Directions for this task
Print out the entries from the line containing "Izdavanje, trosoban stan, 100m², City" through the last line, exactly, and print nothing else. Pictures are not copied.

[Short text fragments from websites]

*** Begin section ***

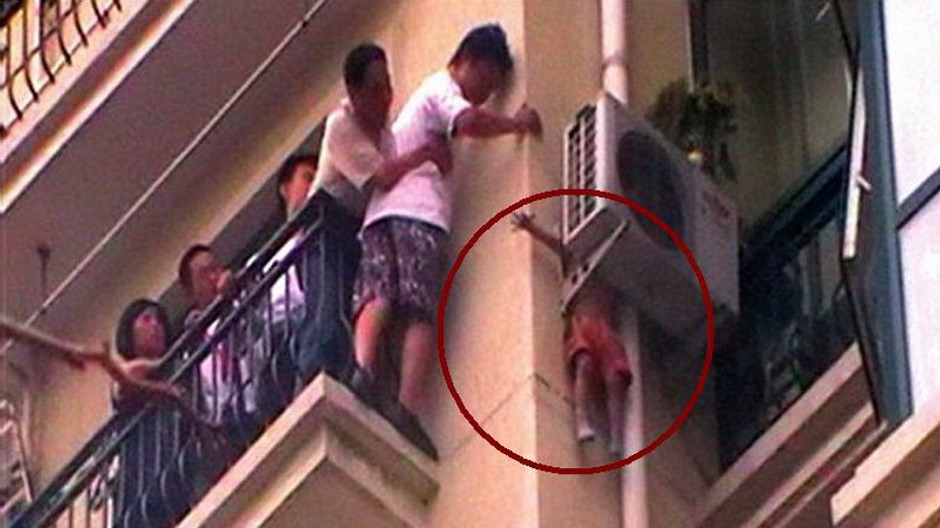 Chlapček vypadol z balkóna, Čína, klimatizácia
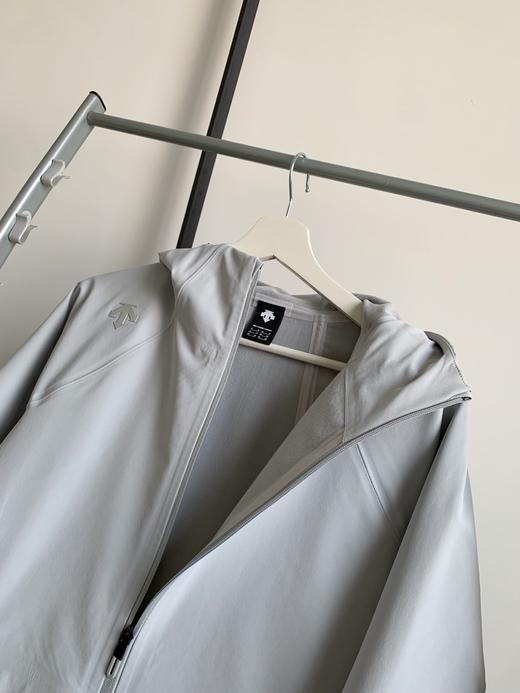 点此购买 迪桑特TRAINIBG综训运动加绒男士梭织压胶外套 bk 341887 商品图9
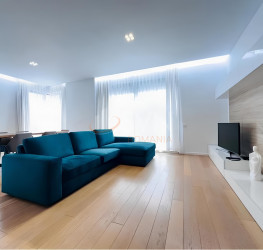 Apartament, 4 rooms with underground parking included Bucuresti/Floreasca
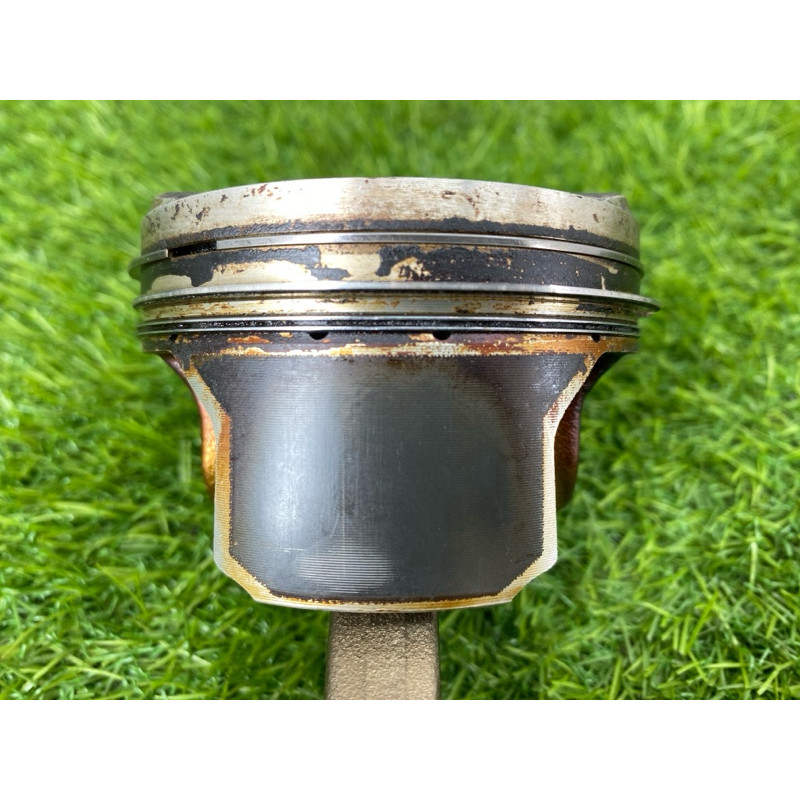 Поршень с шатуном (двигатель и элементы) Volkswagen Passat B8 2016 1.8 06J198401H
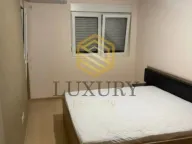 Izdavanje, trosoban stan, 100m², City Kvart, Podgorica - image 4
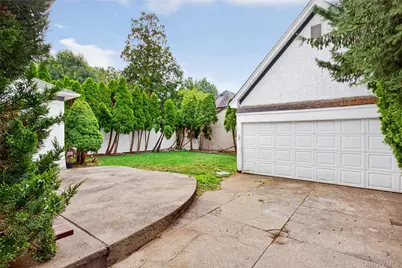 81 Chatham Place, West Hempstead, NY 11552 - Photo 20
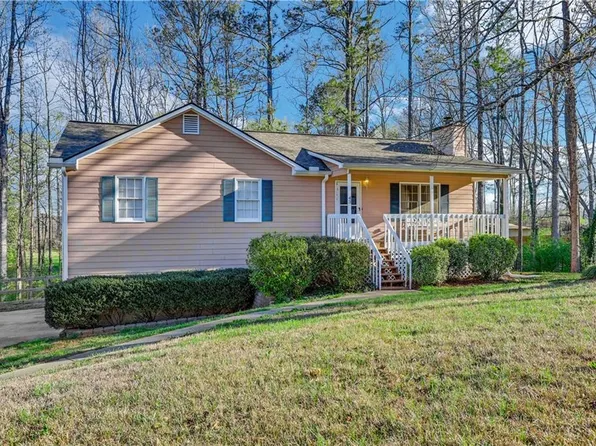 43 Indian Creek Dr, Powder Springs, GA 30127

*** End section ***

Response area
 Izdavanje, trosoban stan, 100m², City Kvart, Podgorica - image 4
 81 Chatham Place, West Hempstead, NY 11552 - Photo 20
 43 Indian Creek Dr, Powder Springs, GA 30127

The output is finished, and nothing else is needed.